Thus, the "compiler" of each chapter is related to the language of the current and previous chapter so it is hard to complete the assignment if you are not familiar with them enough.
So before doing the homework for each chapter, it's better to review contents related to syntax in previous chapters, and give extra attention to syntax in current chapter to ensure that you have enough knowledge of both languages.
Skill Instruction
- This chapter is the first project written in a high-level language, and the simplest one. As a practice project, the focus of this chapter should be on standard modular methods such as reading and writing files.
- Parser's core function is CommandType, which is used to determine the type of each line of statements; the core of Symboltable is the keyword list, and the core of Codewriter is the write function.
- There is a correspondence between the six-bit instruction set and the input end of the ALU , and the 0/1 of the instruction set is also associated with 0/1 in the digital circuit. Understanding the relationship helps the creation of Symboltable.
- When dealing with extra symbols such as comments, spaces, etc., you can take advantage of string functions in Python (more convenient than other languages).

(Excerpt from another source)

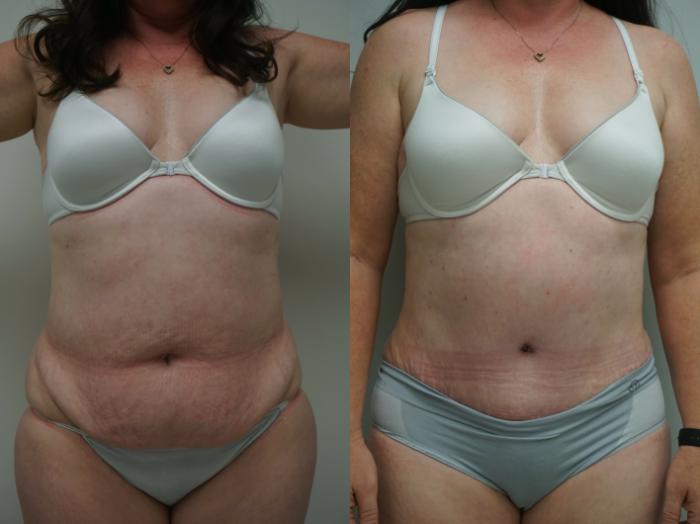 Before & After Tummy Tuck (Abdominoplasty) Case 220 View #2 View in Gilbert, AZ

- When dealing with parentheses, internal coding requires some high-level language features more than the underlying computational storage logic.
Advanced
- Assembly language is a kind of mnemonic, which is a shorthand for 0/1 machine language. Its composition logic is consistent with 0/1 language, which is in essence a direct paraphrasing.
- Modular approach: Modularity refers to the process of dividing a system into several modules from top to bottom when solving a complex problem. There are multiple attributes that reflect their internal characteristics. --Baidu Encyclopedia
- Why modularity: Modularity is not only conducive to the decomposition of large workloads, but also beneficial to the management of the division of labor. At the same time, the approach to designing a modular is also an exercise in computational thinking.
- The reason to modularize is that both a compiler and a virtual machine are translators. A translator must have a translation part--Parser; besides there is also correspondence--Symboltable; and finally there is output for new language--the Codewriter part. The premise of this kind of fragmentation is to have a deep understanding of the nature of such software, that is, to analyze and abstract the entire software hierarchy through computational thinking.
- The methods to modularize Parser, Symboltable and Codewriter used in his chapter are also applicable in following chapters.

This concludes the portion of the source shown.